There are so many thoughts running through my head today... but I think that for the most part I want to just say that at least today I can think of Cindy with a smile, remember good moments, her laugh, her smile and how she always managed to keep her strength about her, even when she was at her weakest.

I love you Cindy, I loved you then, and I'll always love you... See you again someday sis.

Always,
Sherry

PS: The unveiling of Cindy's stone will be September 18th, 2005 if anyone wants to go, please just email me for details at LadySunshin3@gmail.com

2 comments:

Chris said...

I still read it.
I remember that day as well. I remember you calling me to go keep your father company because he was home alone. I remember sitting in the kitchen with him until you got there and we all just had a quiet emotional moment.

This may sound strange at first read, but I am glad I was able to be there... from that first day until the end. I am blessed to have known her for as long as I did and I am blessed to have had you there for me as well when my dad passed.

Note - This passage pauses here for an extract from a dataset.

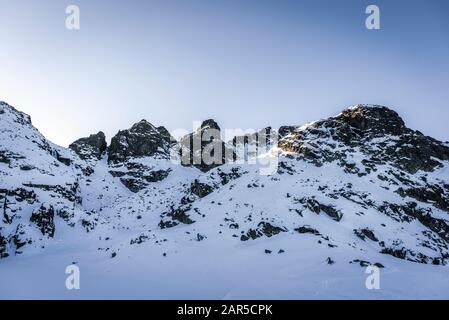 Gefrorener Schrecksee vor den Kupens Gipfeln im Rila-Nationalpark, Region Malyovitsa, Bulgarien Stockfoto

I'm glad you are able to smile now. I know your pain is still with you, but it has changed some and will continue to do so. God bless Cindy... and God bless you.

Anonymous said...

I still pop on here too...

As you know I thought of your entire family on the 19th, not just with regard to Cindy, but also to the other things that are going on right now.

Life throws us some curve-balls occasionally. But we have to be strong, and use what happens as an opportunity to reflect on those events and learn from them.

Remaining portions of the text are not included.